By Duncan Mlanjira
FIFA will release all operational funding due to member associations for the years 2019 and 2020 in the coming days as the first step of a relief plan to assist the football community impacted by the COVID-19 pandemic.
This measure will mean that a total of around US$150 million will be distributed among the 211 national football governing bodies around the world.
“The pandemic has caused unprecedented challenges for the entire football community and, as the world governing body, it is FIFA’s duty to be there and support the ones that are facing acute needs,” FIFA president Gianni Infantino is quoted as saying in a release on www.fifa.com on Friday.
“This starts by providing immediate financial assistance to our member associations, many of which are experiencing severe financial distress. This is the first step of a far-reaching financial relief plan we are developing to respond to the emergency across the whole football community.
“Together with our stakeholders, we are we assessing the losses and we are working on the most appropriate and effective tools to implement the other stages of this relief plan,” says the FIFA president.
FIFA says the release of the second instalment of operational costs for 2020 was originally due in July but will now be paid immediately.
Under normal circumstances, FIFA’s member associations would have only received the full amount of the contribution upon fulfillment of specific criteria.
Instead, FIFA is now transferring this amount as an active support to help safeguard football across all member associations.
This immediate financial assistance should be used to mitigate the financial impact of COVID-19 on football in member associations, namely to meet financial or operational obligations that they may have towards staff and other third parties.
“The standard obligations and responsibilities in relation to the use of these funds as outlined in the Forward 2.0 Regulations remain fully applicable and will be subject to the standard audit and reporting process,” says FIFA.
“This financial relief plan is possible thanks to the strong financial position that FIFA has been able to consolidate over the past four years.
“The next stages of the plan are currently being finalised and will be communicated in due course.”
Football Association of Malawi (FAM) said this money was already budgeted for its operational activities for July to December 2020 and were expecting to receive it in July.
“In light of the COVID-19 pandemic, FIFA has relaxed the rules of accessing the funds so that FAs can cope with the current situation and easily meet its financial obligations,” says FAM’s Competition & Communications Director Gomezgani Zakazaka.
“Just to clarify that the US$500,000 is part of the US$1 million which we receive every year for operations.
“FIFA is still working on the Emergency Relief Fund as a bail out plan for COVID-19 and it will be announced at an appropriate time.”
He added that FAM has been working behind the scenes on how they can respond to the Coronavirus pandemic through a Task Force that was set up the Executive Committee.
“The Executive Committee will be holding a virtual meeting on Monday to review the Task Force report which is geared at assessing the impact of COVID-19 pandemic on football and proposing how we can intervene and respond to the current situation.”

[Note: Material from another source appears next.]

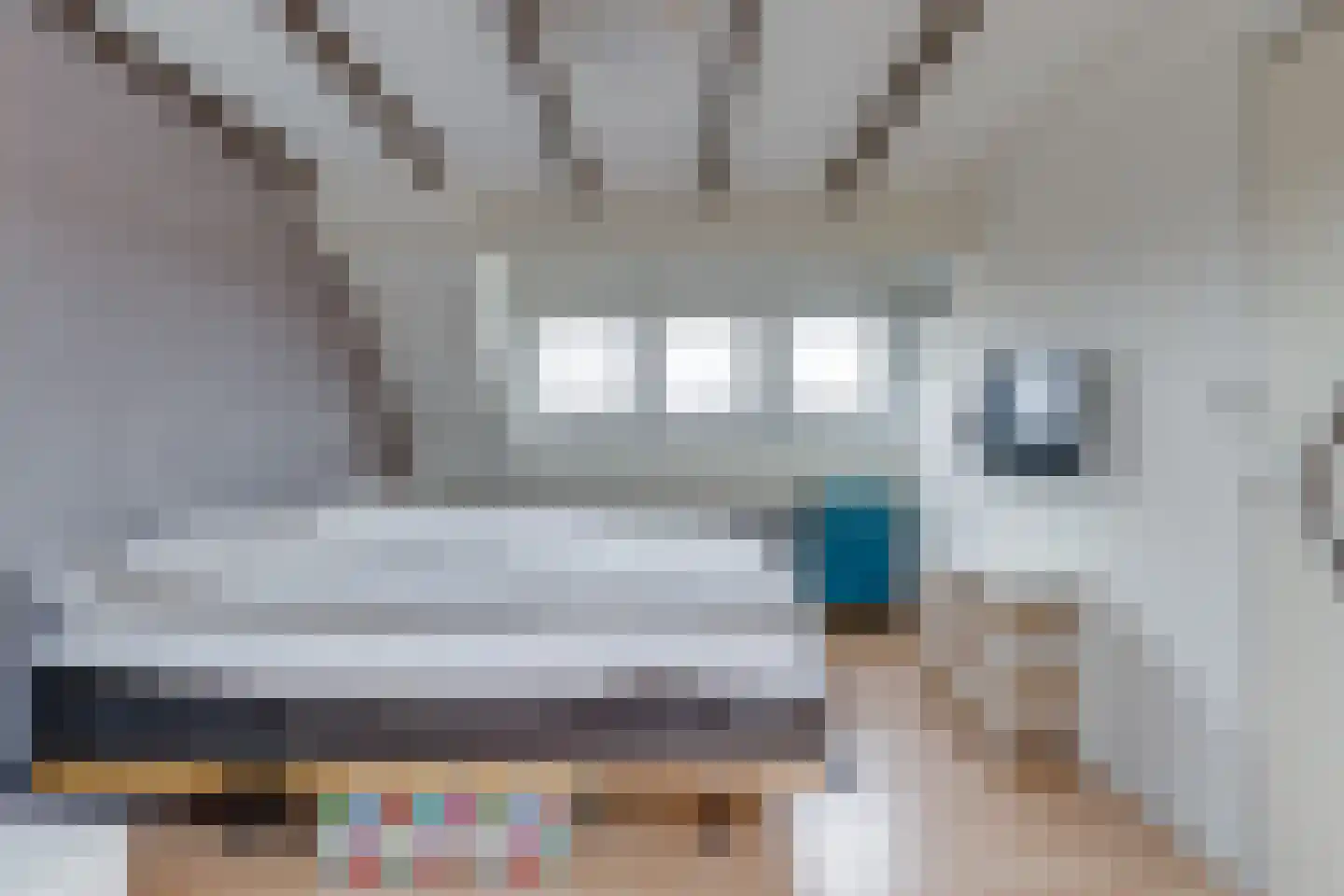 Hoepmakersstraat 13 Ameide thumbnail 30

The Task Force comprises Chimango Munthali as chairman, Felister Dossi, Mada Kuyera and FAM general secretary Alfred Gunda.
Meanwhile women’s football will still benefit from investment worth US$1 billion despite the financial impact of the Coronavirus pandemic, says FIFA.
The funding for the women’s game, which covers 2019-2022 will not be cut.
A spokesperson for football’s world governing body said: “This funding has already been committed by FIFA and will not be impacted by the current crisis.
“This funding will be invested into a range of areas in the women’s game including competitions, capacity building, development programmes, governance and leadership, professionalisation and technical programmes.”
The package, announced last year, doubled Fifa’s investment and came from the association’s cash reserves.